§ Exercise objective
Repeat nothing but the line that contains "Condyle is one" and the lines after it, through the end of the listing, exactly as they stand; omit pictures.

§ Data section
┌──
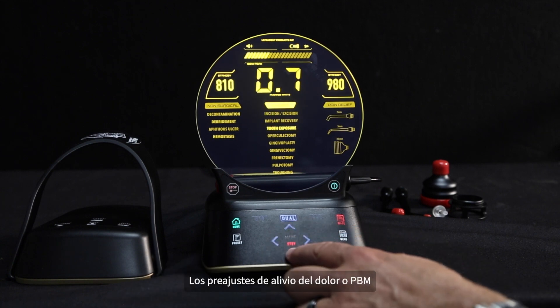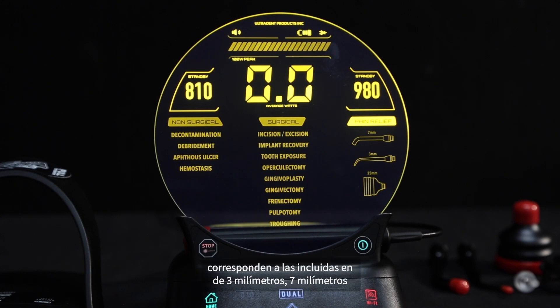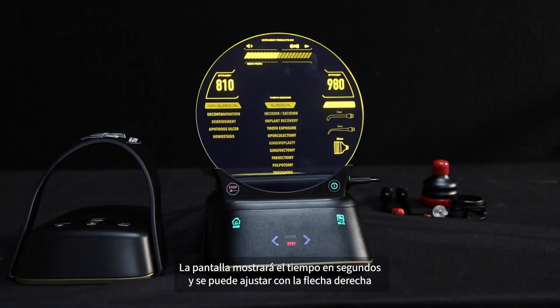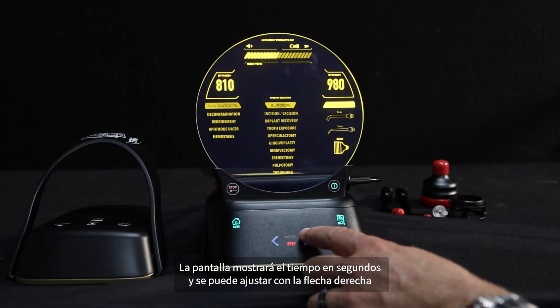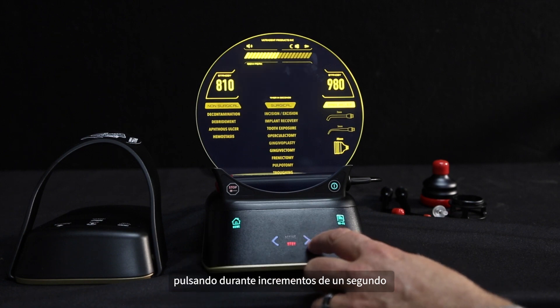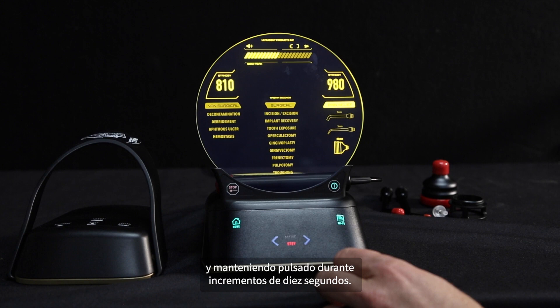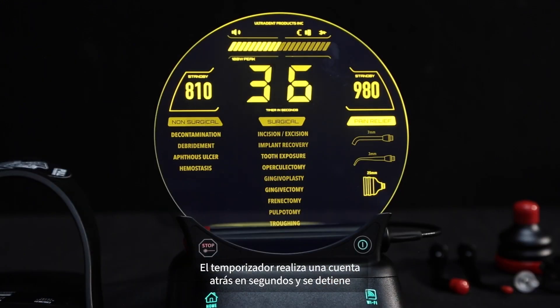The pain relief or PBM presets correspond to the included 3mm, 7mm, or 25mm adapter tip. The display will show time in seconds and can be adjusted with the right arrow by tapping for 1 second increments and holding for 10 second increments. The timer counts down in seconds and stops automatically after treatment time is completed.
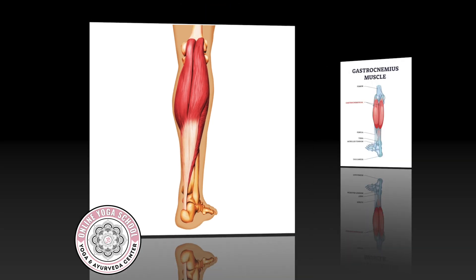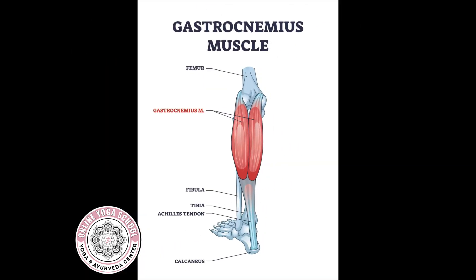Condyle is one term for what we call bony landmarks, and it's a type of prominence on a bone. In this case, it provides an attachment point of connection for a muscle.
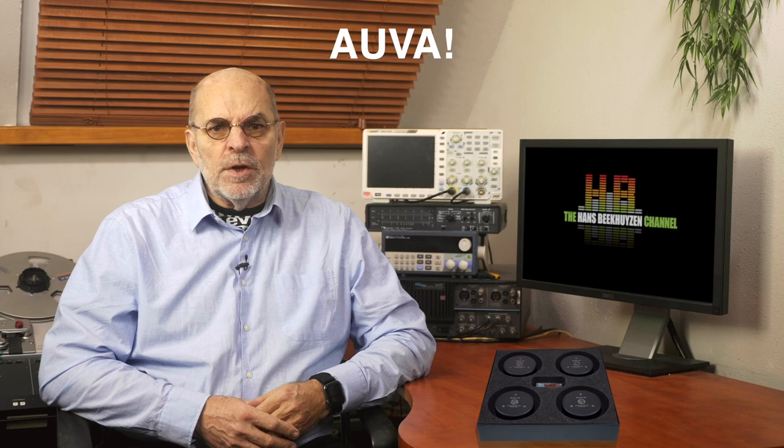I have reviewed several speaker isolators over the years and they all improved the sound quality. Although using quite different constructions, they all worked according to the spring and damper principle. Recently, Stack Audio offered their OVO 70 for review, which worked quite differently.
└──
§ Answer to the exercise
Condyle is one term for what we call bony landmarks, and it's a type of prominence on a bone. In this case, it provides an attachment point of connection for a muscle.
I have reviewed several speaker isolators over the years and they all improved the sound quality. Although using quite different constructions, they all worked according to the spring and damper principle. Recently, Stack Audio offered their OVO 70 for review, which worked quite differently.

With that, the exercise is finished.